THE TASK: Within the records below is a range that opens at the line with "指南宮大雄寶殿旁風景地房屋室內格局與周邊環境" and closes at the line with "Cú sốc mới cho Kim Soo Hyun- Ảnh 2.". Return that range word for word, both ends included, and only that range.

(Source records)
########

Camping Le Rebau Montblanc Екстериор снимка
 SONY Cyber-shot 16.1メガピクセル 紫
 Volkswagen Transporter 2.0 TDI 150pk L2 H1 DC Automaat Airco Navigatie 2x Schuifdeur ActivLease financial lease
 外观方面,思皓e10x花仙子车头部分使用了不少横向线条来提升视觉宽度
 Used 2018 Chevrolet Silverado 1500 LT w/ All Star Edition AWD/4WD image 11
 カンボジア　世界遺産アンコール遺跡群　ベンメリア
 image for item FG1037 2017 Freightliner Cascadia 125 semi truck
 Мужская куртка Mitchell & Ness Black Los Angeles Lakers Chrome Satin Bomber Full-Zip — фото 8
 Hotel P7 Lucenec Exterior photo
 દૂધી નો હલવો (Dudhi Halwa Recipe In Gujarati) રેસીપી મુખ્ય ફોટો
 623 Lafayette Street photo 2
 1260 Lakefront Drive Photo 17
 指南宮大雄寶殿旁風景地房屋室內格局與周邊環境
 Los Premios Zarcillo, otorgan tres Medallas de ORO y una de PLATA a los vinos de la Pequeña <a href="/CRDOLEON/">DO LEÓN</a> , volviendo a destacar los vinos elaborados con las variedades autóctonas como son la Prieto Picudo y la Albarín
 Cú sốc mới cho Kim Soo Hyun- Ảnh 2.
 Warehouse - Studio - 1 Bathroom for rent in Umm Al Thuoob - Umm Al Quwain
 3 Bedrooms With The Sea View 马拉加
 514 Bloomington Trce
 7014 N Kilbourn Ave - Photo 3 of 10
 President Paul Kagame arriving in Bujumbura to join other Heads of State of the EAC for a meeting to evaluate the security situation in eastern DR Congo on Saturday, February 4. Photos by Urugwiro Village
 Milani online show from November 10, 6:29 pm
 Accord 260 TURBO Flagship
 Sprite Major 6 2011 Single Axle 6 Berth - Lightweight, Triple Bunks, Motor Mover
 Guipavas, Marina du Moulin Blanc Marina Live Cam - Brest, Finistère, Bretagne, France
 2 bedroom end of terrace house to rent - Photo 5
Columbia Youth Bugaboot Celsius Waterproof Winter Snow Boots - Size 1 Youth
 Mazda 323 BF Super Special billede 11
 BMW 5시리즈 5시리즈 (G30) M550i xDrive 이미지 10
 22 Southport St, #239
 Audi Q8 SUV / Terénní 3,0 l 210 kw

########

RESPONSE AREA:
 指南宮大雄寶殿旁風景地房屋室內格局與周邊環境
 Los Premios Zarcillo, otorgan tres Medallas de ORO y una de PLATA a los vinos de la Pequeña <a href="/CRDOLEON/">DO LEÓN</a> , volviendo a destacar los vinos elaborados con las variedades autóctonas como son la Prieto Picudo y la Albarín
 Cú sốc mới cho Kim Soo Hyun- Ảnh 2.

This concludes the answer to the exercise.